JPMorgan’s regional strategist Chatterji forecasts a gradual rebound in M&A activity across the Asia-Pacific region, with deal volumes expected to rise 12% year-on-year in 2026. The outlook hinges on stabilization of interest rates and improved corporate balance sheets.
- M&A deal volume in APAC projected to grow 12% YoY in 2026
- Total deal value expected to reach $1.4 trillion in 2026
- Technology sector accounts for 41% of deal value, up from 34% in 2024
- Net debt-to-EBITDA ratio across top 500 APAC firms fell to 2.8x in Q4 2025
- India and Southeast Asia leading domestic consolidation trends
- Equity indices in Hong Kong, Tokyo, and Sydney up 9.3% YTD
JPMorgan’s Chatterji has issued a cautiously optimistic outlook for merger and acquisition activity across the Asia-Pacific region, projecting a 12% increase in transaction volume during 2026 compared to 2025 levels.
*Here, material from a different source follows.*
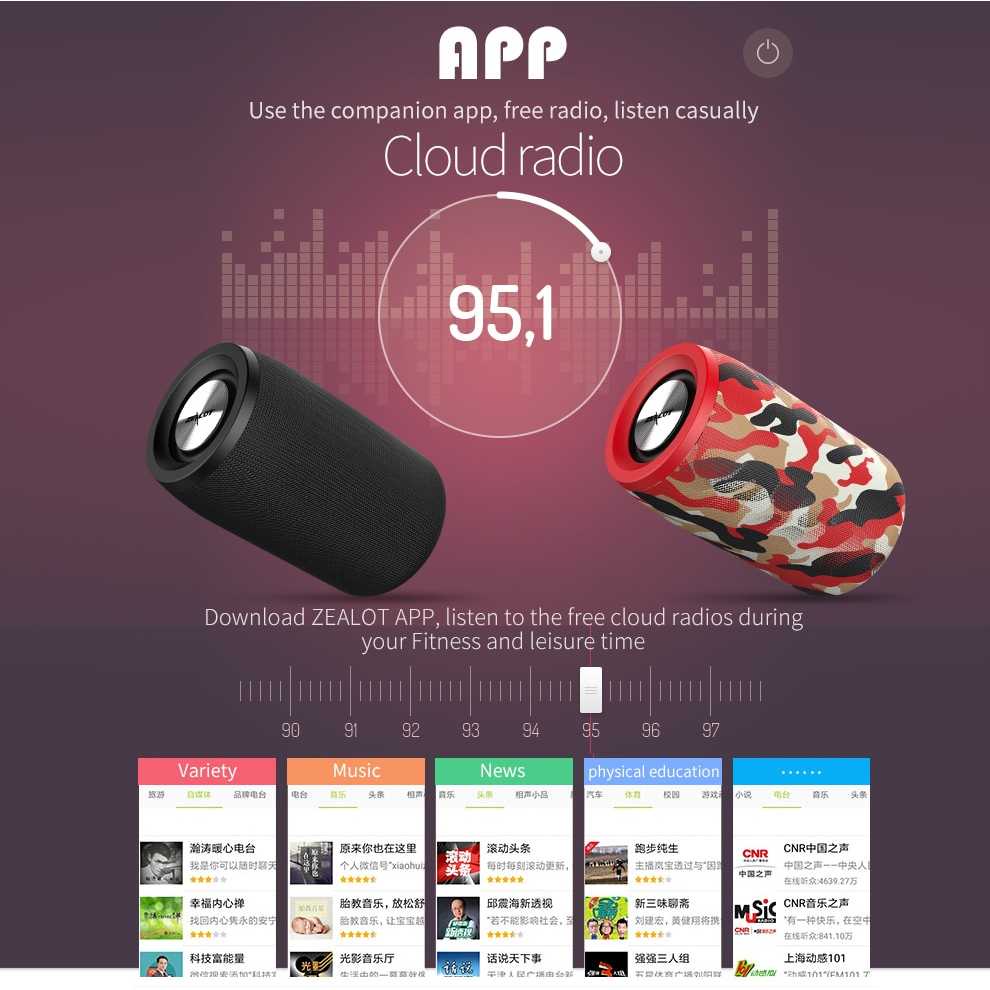 (100% BARANG ORI) Zealot Portable Bluetooth Speaker - S32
This uptick follows two years of subdued dealmaking driven by elevated financing costs and geopolitical headwinds, particularly in China and Japan. While cross-border deals remain constrained, domestic consolidations in sectors like technology and healthcare are gaining momentum. The forecast is anchored in recent improvements in corporate profitability and reduced leverage among mid-cap firms. According to internal JPMorgan analytics, net debt-to-EBITDA ratios declined to 2.8x across the region’s top 500 listed companies in Q4 2025, down from 3.6x in early 2023. This structural improvement supports increased confidence in strategic transactions, especially in India and Southeast Asia where regulatory environments have stabilized. Deal values are projected to reach $1.4 trillion in 2026, with technology-driven acquisitions accounting for 41% of total value—up from 34% in 2024. Notable potential transactions include a possible consolidation in India's semiconductor ecosystem and an anticipated bid for a major Japanese logistics firm by a Singapore-based investor group. These developments reflect growing appetite for high-growth, asset-light business models. Market participants, including private equity firms and sovereign wealth funds, are adjusting their capital deployment strategies accordingly. Equity markets in Hong Kong, Tokyo, and Sydney have already shown early signs of recovery, with MSCI Asia Pacific Index up 9.3% year-to-date. However, volatility remains elevated due to ongoing central bank policy divergence, particularly between the U.S. Federal Reserve and Bank of Japan.